Using ArcGIS 10.8 software, the rock abundance and roughness data were resampled to 512 ppd using the bilinear interpolation method, and all data were standardized to the GCS_MOON_2000 coordinate system (EPSG: 103881). The original data were further processed to quantify the vague engineering constraint indicators to effectively train the dataset, facilitating a more in-depth analysis. Given the lack of a unified evaluation standard for lunar engineering constraints and the insufficient quantification of the relationship between different indicators, this study proposes a constraint indicator evaluation method based on existing lunar research [5,8,11,30,31,32,33].

Each constraint indicator was divided into six levels, and a non-linear scoring system was adopted to assign the scores of different levels: highly suitable (10), suitable (9), moderately suitable (3), slightly unsuitable (2), and unsuitable (1). The specific quantification standards for each engineering constraint are provided in Table 2. The final total score was obtained by taking the arithmetic mean of the scores for each constraint. This scoring method allowed for iterative adjustments of indicator weights during model training, enabling the model to learn scientifically reasonable relationships between the indicators. However, the existing scoring method resulted in discontinuities in the final scores, making it impossible to apply the XGBoost algorithm directly for modeling. To address this issue, original scores were re-encoded so that the target variable could be directly input into the XGBoost model for multi-class prediction.

2.3. Prediction Model Construction

As shown in Figure 1, the research first selected an area with comprehensive data coverage and extensive prior study (65°W–65°E, 45°N–15°S) and assigned scores to the regional data (Table 2) to create a dataset for training and testing the model. The rationale for this selection included the following:

The original data from various datasets had good coverage for this region, providing a comprehensive and reliable training dataset for the model.
This area has been frequently chosen as a landing site for lunar missions, such as in Apollo, Surveyor, Luna, and Chang’e 3 programs, indicating its suitability for successful landings.
Extensive research and landing activities in this region suggest favorable engineering conditions, allowing the model to learn from previous explorations and improve its understanding of optimal landing site selection.
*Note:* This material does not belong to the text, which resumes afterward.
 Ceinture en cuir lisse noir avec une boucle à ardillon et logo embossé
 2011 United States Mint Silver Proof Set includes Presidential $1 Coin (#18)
Following common practices in machine learning, the dataset corresponding to the training area was randomly divided into a training set and a testing set at a 7:3 radio. The choice of 70% for the training set struck a balance between effective model training and adequate validation. This proportion allowed the model to learn diverse patterns while retaining 30% of the data for rigorous testing, ensuring generalization and preventing overfitting [34]. The model’s performance was evaluated using various metrics on the testing set to predict its potential effectiveness on external datasets. After completing model training and evaluation, the optimized model was used to predict landing suitability across the entire lunar surface. Subsequently, the feature weights for each characteristic were also calculated to quantify the impact of various engineering constraint indicators on the final landing site scores. During training, the Bayesian optimization method was employed to optimize hyperparameters, such as the number of iterations, learning rate, and decision tree behavior, guiding the XGBoost model towards optimal performance. The effectiveness of the Bayesian optimization was assessed using 5-fold cross-validation. Model predictions were implemented using Jupyter and Python 3.10.14.

2.3.1. XGBoost Algorithm

XGBoost is a machine learning algorithm based on the gradient boosting framework that is widely used for classification and regression tasks. It utilizes a second-order Taylor expansion to optimize the loss function, allowing for a more accurate approximation of the true loss function [23]. Compared to traditional GBDT, XGBoost features several optimizations, including support for multi-threaded CPU parallelization and a regularization term in the loss function to prevent overfitting. These improvements give XGBoost significant advantages in computational efficiency and generalization performance. The mathematical expression of the XGBoost model is as follows:

{\hat{y}}_{i} = \sum_{k = 1}^{K} f_{k} (x_{i}), f_{k} \in F

(1)

In Equation (1),

{\hat{y}}_{i}

represents the predicted value for the

i

sample,

k

denotes the number of decision trees,

x_{i}

represents the input data for the

i

sample, and

f_{k} (x_{i})

represents the function of the

k

decision tree generated in the

k

iteration, where

f_{k}

is a function in the function space

F

of the tree ensemble.

The objective of the model is to iteratively optimize the weak classifiers

f_{k}

to minimize the overall loss function:

L (ϕ) = \sum_{i = 1}^{N} l (y_{i}, {\hat{y}}_{i}) + \sum_{K = 1}^{K} Ω (f_{k}) = \sum_{i = 1}^{N} l [y_{i}, {\hat{y}}_{i}^{t - 1} + f_{t} (x_{i})] + \sum_{K = 1}^{K} Ω (f_{k})

(2)

In Equation (2),

l

is the loss function that describes the error between the predicted and actual values, while

Ω

is the regularization term used to control model complexity, construct the tree structure, and prevent overfitting [35]. XGBoost trains the model parameters by iteratively optimizing this objective function.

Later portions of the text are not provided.